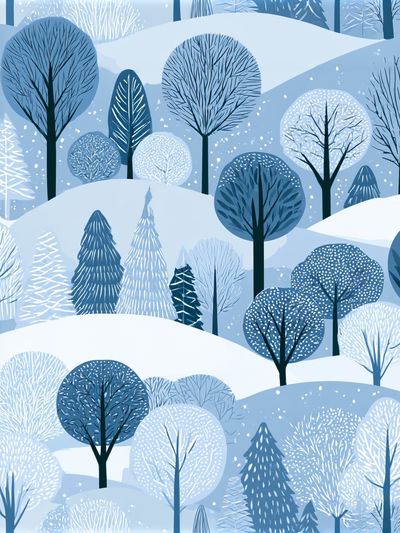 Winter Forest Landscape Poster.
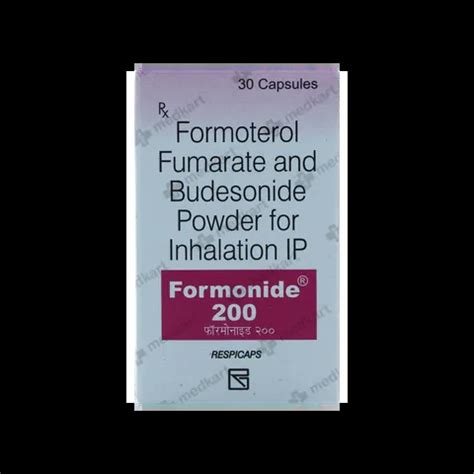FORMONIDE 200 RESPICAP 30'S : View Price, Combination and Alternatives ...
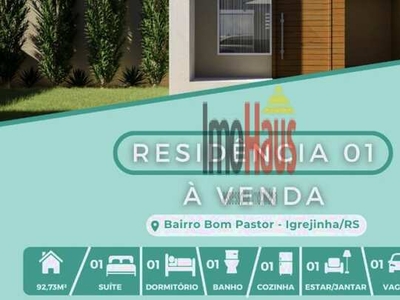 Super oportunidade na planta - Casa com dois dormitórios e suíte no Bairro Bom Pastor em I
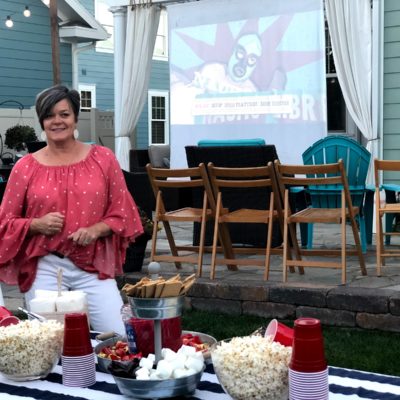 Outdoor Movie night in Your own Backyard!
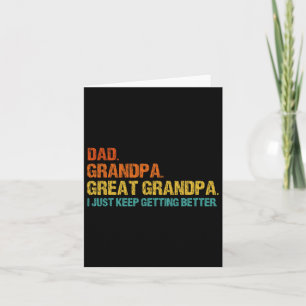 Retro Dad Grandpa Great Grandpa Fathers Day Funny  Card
****************************************
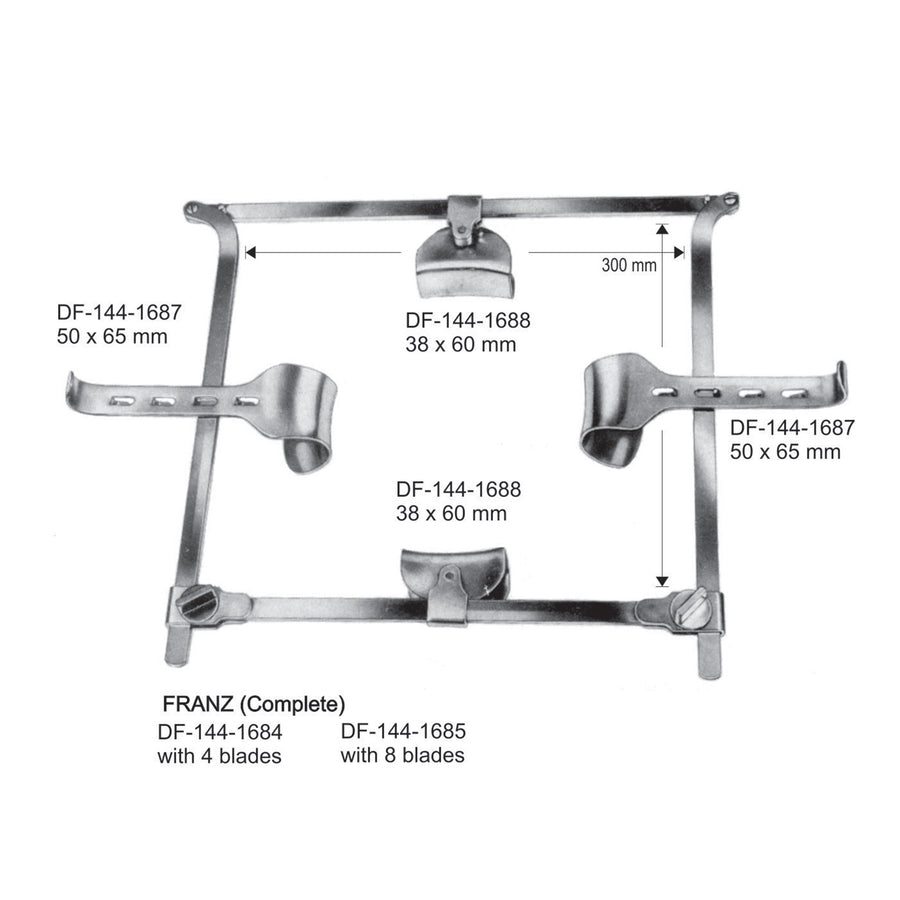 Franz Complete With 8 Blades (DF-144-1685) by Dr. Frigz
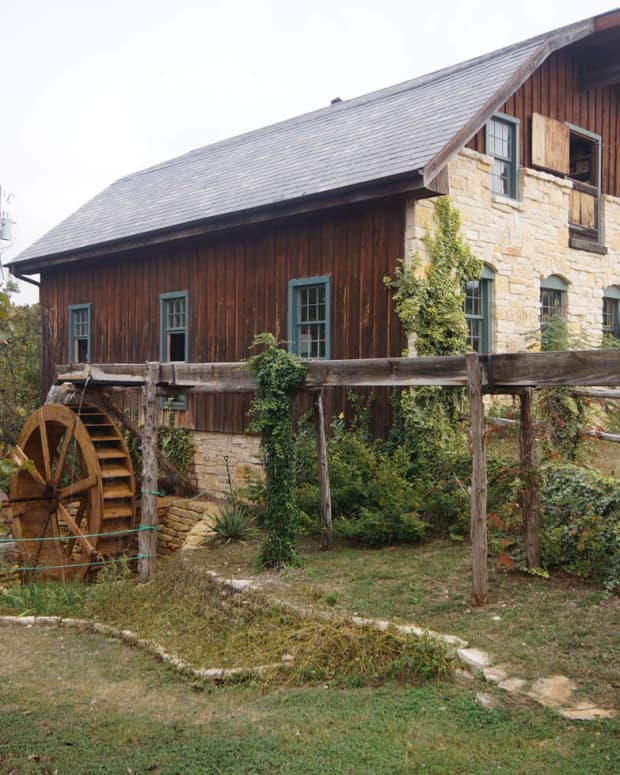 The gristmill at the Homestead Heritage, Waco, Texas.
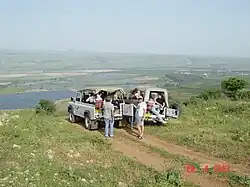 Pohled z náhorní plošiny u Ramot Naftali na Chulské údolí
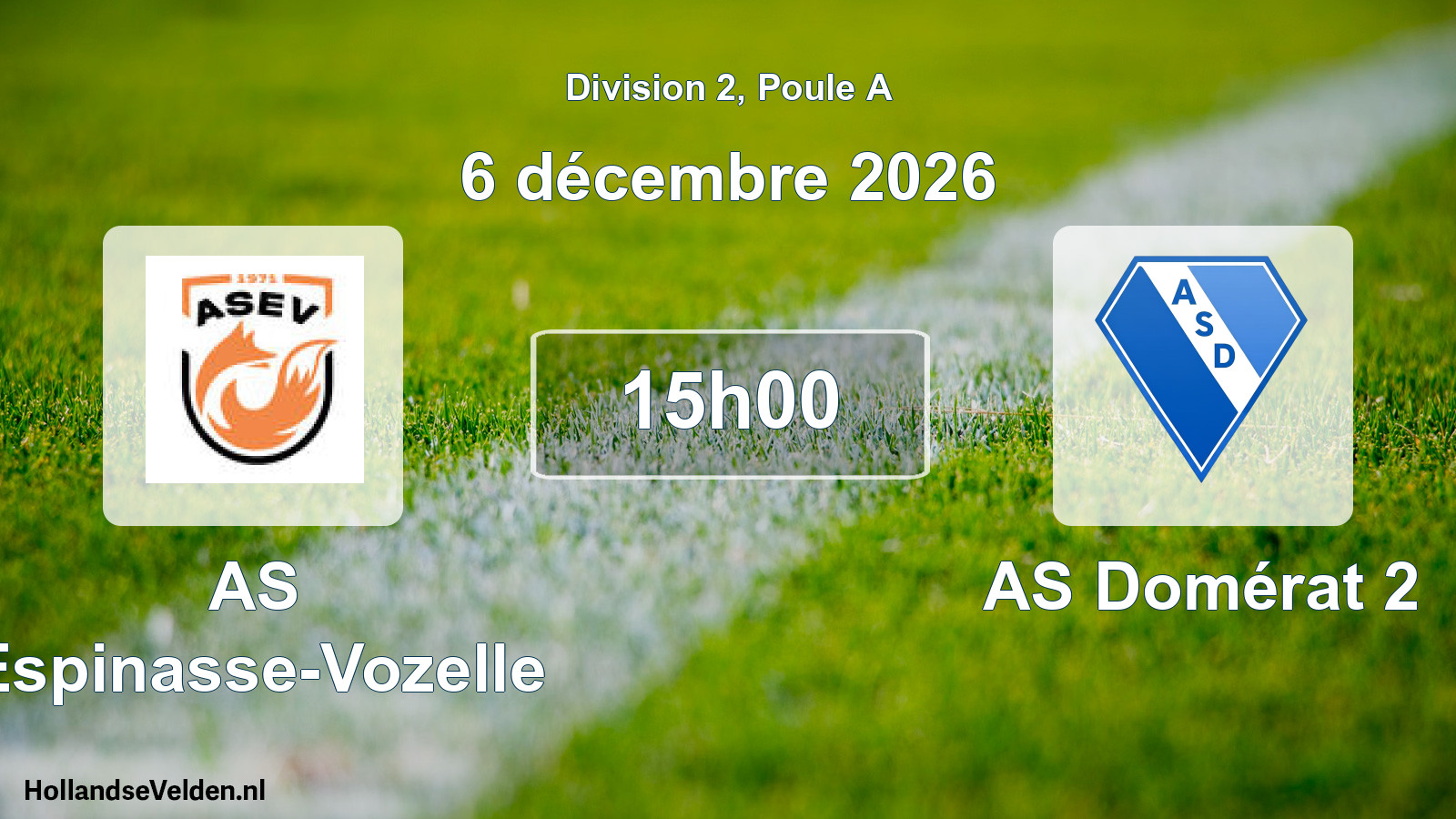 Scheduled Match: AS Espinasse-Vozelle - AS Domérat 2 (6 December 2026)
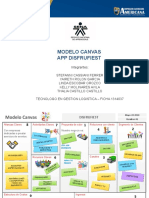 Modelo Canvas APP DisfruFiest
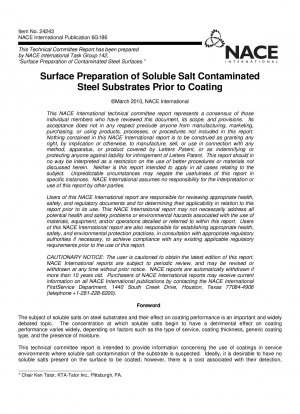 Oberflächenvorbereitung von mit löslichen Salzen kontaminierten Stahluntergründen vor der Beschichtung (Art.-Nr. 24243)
****************************************
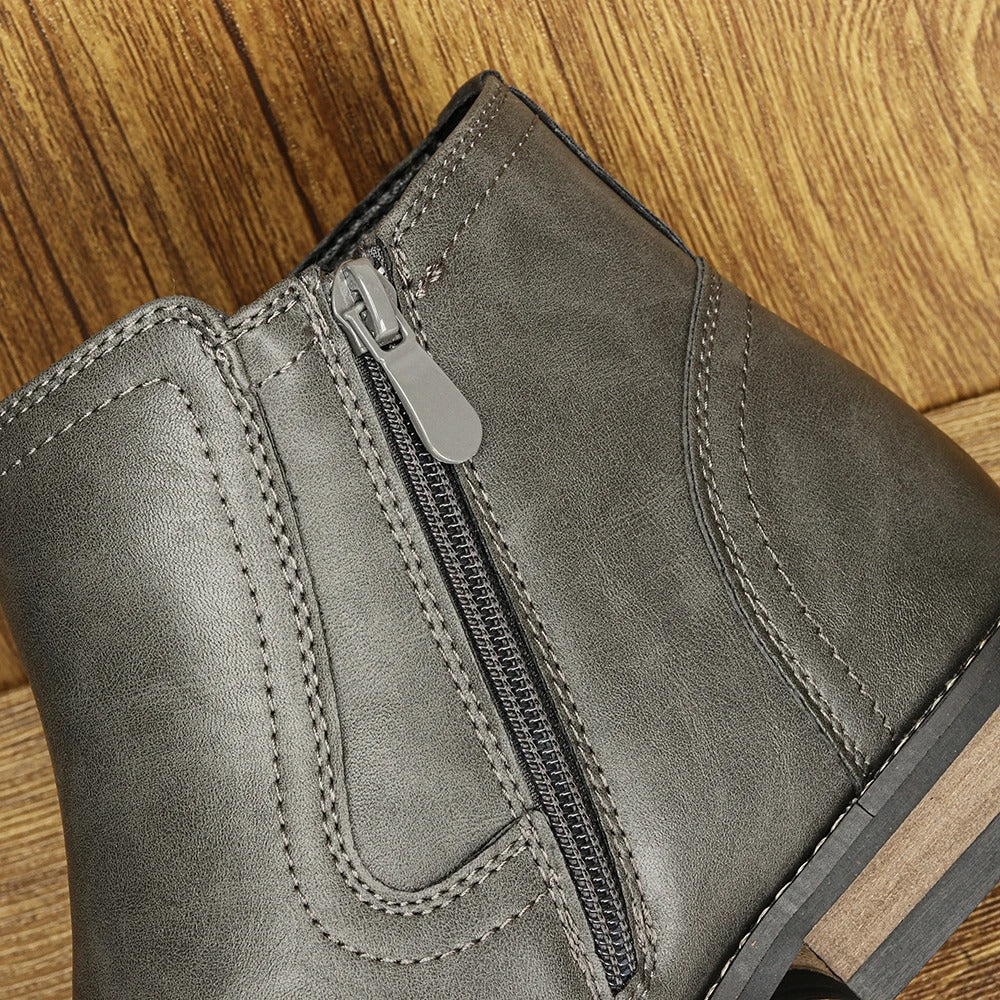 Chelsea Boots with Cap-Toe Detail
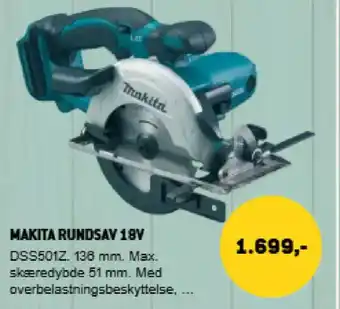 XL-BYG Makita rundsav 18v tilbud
****************************************
Problem to solve:
Your reply is to be an exact repeat of the listing above from the line holding "Super oportunidade na" down to the line holding "Retro Dad Grandpa", ends included, pictures excluded.

Task solution:
 Super oportunidade na planta - Casa com dois dormitórios e suíte no Bairro Bom Pastor em I
 Outdoor Movie night in Your own Backyard!
 Retro Dad Grandpa Great Grandpa Fathers Day Funny  Card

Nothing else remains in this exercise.